Performance Benchmarks
Here’s what we see across our client base for well-optimized browse abandonment flows:
| Metric | Below Average | Average | Above Average | Best-in-Class |
|---|---|---|---|---|
| Open rate | < 30% | 30-40% | 40-50% | 50%+ |
| Click rate | < 3% | 3-5% | 5-8% | 8%+ |
| Conversion rate | < 1% | 1-2% | 2-4% | 4%+ |
| Revenue per recipient | < $0.30 | $0.30-0.80 | $0.80-2.00 | $2.00+ |
| Flow revenue as % of total email | < 2% | 2-4% | 4-6% | 6-8% |
If your browse abandonment flow is below the “Average” column, there’s likely an issue with your suppression filters (sending to wrong people), your timing (too early or too late), or your content (too generic).
Optimization Tactics
A/B Test Subject Lines Per Email
Use Klaviyo’s in-flow A/B testing to test subject line formulas for each email in the flow. Based on our data:
- Email 1: Product name in subject line outperforms generic copy by 22%
- Email 2: Social proof subject lines (“500+ five-star reviews”) outperform urgency lines by 15%
- Email 3: “Try these instead” angles outperform “last chance” angles by 18%
Add SMS to the Flow
If you’re using Klaviyo SMS, add an SMS message alongside Email 1 (or instead of Email 3, to avoid channel fatigue). Browse abandonment SMS messages have 15-20% click-through rates — significantly higher than email.

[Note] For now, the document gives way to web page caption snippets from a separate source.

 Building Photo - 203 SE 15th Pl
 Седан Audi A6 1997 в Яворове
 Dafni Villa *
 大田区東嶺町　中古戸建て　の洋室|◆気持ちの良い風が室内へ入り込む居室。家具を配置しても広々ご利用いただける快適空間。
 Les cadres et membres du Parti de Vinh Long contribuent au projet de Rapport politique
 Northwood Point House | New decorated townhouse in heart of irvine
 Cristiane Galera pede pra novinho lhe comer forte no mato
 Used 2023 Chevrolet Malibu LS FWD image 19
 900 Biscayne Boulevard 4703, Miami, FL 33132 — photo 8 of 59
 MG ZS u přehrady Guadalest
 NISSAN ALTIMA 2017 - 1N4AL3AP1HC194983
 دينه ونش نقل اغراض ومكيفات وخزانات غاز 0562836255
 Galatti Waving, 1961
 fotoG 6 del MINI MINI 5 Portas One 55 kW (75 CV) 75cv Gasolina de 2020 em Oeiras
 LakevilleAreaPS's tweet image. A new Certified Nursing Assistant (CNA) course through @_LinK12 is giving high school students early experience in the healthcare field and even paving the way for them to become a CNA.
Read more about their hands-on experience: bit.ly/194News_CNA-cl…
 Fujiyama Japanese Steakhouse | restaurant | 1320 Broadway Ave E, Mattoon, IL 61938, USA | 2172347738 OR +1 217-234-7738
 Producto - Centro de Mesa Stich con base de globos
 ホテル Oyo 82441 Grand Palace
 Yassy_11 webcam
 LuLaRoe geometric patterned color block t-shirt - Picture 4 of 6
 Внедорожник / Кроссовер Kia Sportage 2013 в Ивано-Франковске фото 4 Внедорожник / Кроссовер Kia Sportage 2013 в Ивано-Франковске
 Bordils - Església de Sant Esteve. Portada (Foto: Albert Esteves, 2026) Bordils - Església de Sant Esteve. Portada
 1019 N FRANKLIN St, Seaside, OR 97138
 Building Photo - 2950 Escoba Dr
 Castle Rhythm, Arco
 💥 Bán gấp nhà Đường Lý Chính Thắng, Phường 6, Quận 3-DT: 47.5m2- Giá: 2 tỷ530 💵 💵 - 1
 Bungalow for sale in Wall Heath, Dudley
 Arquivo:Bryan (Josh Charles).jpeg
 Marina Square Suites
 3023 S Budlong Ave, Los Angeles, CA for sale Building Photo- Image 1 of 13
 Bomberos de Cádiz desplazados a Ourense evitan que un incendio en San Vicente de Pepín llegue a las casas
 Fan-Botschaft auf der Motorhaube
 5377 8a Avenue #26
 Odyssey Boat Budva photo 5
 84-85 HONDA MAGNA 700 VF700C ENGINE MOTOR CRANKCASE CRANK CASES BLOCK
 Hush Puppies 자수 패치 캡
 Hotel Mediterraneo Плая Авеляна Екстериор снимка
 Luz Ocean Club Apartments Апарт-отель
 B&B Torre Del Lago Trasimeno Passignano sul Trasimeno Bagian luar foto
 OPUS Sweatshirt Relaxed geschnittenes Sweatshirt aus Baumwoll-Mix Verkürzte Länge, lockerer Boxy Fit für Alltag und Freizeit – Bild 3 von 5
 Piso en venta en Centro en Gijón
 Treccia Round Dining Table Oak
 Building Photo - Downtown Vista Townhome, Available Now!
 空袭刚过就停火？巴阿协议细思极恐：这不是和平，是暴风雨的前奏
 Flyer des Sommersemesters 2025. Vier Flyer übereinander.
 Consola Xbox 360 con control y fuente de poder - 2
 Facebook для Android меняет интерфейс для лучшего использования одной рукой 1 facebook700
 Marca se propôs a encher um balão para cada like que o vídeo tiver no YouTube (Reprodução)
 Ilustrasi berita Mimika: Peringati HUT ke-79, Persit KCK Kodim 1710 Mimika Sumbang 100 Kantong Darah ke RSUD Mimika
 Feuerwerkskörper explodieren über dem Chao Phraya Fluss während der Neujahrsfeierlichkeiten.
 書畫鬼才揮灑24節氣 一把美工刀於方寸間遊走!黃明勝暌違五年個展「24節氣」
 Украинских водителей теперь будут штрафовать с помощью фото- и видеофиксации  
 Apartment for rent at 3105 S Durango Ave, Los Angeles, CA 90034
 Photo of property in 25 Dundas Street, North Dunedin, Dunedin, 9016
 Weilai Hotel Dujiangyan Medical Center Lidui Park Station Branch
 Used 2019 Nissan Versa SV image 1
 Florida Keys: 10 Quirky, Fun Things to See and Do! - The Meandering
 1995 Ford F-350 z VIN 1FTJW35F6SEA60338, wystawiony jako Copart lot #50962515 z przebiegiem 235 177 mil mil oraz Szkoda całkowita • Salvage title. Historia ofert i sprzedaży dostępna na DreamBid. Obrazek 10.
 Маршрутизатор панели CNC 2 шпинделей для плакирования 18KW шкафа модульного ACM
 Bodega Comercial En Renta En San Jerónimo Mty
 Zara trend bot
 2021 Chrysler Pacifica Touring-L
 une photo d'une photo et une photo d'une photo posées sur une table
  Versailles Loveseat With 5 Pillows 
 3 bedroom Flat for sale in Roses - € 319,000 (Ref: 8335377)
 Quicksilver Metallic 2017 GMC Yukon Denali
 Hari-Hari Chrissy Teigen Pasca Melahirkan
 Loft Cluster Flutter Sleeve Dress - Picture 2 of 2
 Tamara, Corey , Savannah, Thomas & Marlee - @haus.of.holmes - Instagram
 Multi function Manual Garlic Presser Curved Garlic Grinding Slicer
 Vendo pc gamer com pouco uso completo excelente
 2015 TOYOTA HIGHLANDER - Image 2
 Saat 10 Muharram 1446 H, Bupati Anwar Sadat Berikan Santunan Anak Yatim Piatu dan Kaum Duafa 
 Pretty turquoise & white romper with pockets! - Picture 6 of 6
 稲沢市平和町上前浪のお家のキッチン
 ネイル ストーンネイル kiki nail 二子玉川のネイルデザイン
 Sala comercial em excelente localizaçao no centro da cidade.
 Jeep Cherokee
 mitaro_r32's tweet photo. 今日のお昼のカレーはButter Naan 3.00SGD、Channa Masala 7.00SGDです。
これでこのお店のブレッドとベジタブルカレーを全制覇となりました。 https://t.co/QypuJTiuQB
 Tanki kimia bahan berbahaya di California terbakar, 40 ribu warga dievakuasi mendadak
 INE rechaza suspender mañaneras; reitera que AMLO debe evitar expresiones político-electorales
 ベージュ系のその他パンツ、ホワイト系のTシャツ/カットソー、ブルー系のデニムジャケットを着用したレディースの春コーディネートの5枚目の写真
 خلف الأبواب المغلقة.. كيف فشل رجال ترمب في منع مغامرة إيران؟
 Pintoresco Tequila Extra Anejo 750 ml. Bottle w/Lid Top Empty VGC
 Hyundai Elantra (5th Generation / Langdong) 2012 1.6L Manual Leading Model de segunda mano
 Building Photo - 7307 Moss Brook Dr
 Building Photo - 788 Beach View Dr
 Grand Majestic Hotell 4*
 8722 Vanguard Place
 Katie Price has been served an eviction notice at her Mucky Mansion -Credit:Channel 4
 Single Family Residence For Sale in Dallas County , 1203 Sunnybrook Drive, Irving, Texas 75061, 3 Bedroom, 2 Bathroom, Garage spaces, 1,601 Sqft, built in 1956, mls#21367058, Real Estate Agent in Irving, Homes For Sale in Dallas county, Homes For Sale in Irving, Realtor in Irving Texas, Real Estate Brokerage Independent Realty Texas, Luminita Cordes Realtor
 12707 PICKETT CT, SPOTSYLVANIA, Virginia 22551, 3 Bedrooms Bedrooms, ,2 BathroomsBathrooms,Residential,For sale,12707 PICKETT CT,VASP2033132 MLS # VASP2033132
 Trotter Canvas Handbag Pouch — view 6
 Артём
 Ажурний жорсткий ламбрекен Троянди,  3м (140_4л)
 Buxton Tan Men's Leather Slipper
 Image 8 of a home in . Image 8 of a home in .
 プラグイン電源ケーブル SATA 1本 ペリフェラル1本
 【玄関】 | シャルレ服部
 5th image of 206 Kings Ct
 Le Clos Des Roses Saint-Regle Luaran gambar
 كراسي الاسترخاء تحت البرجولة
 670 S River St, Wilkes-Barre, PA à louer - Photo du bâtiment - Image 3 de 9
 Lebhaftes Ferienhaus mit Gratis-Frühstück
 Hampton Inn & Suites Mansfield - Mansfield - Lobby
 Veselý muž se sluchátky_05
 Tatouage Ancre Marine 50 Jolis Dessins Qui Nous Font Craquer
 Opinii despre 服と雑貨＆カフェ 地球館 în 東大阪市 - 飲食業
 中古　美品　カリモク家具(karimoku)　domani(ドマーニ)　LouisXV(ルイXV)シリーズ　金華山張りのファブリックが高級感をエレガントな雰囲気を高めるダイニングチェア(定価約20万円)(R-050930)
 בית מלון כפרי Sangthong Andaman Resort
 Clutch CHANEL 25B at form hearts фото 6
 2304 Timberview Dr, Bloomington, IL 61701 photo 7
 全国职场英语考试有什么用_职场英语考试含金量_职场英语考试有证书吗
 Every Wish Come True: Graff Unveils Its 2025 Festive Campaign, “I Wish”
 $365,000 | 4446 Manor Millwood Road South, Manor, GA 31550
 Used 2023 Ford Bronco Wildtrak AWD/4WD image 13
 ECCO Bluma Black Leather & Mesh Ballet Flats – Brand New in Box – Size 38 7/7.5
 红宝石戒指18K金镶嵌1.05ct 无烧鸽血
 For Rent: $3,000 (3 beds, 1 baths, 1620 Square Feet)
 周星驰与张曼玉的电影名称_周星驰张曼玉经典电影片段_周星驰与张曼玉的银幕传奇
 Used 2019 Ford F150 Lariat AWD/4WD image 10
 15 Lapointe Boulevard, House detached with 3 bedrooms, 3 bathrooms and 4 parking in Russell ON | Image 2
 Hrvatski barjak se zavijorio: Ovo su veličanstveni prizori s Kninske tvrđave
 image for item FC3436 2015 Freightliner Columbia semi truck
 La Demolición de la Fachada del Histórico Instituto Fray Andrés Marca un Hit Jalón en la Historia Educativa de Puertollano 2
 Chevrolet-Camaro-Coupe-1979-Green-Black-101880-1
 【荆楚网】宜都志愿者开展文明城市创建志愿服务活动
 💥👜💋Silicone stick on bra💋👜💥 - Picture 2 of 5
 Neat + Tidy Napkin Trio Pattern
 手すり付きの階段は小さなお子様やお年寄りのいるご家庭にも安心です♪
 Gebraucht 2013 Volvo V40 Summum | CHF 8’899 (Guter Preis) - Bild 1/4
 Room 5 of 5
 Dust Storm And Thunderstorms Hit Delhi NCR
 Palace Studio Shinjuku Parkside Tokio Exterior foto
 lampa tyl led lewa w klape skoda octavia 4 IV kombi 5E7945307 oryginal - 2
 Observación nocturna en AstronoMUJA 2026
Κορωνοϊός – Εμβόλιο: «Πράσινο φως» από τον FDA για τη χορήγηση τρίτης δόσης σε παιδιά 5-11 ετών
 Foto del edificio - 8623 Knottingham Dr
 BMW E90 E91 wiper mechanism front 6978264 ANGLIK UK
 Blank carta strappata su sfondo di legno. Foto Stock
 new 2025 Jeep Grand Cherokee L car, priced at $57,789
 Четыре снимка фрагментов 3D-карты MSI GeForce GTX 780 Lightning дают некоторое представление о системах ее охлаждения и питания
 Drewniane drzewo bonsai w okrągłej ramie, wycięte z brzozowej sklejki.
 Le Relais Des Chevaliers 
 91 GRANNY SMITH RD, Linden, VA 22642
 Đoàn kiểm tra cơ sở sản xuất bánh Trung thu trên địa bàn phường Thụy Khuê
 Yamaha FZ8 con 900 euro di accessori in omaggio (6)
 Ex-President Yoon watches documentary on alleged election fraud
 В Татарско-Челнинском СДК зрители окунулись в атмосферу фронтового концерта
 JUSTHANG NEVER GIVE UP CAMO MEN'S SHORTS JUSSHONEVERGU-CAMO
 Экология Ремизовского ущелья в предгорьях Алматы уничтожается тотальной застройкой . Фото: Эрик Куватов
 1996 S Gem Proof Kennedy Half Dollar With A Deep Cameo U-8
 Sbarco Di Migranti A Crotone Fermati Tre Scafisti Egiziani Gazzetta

Use Klaviyo’s Channel Split to send SMS only to subscribers who have opted into SMS. The message should be short and direct:
“Hey [Name], saw you checking out the [Product Name]. Still interested? [Link]“
Dynamic Discount Escalation
A tactic that works well for higher-priced products:
- Email 1: No discount (pure reminder)
- Email 2: 5% off or free shipping
- Email 3: 10% off with a 24-hour expiration
Use Klaviyo’s Shopify Coupon integration to generate unique codes at each step. This escalating incentive structure captures the easy wins first (people who just needed a reminder) and reserves margin-cutting discounts for the hardest conversions.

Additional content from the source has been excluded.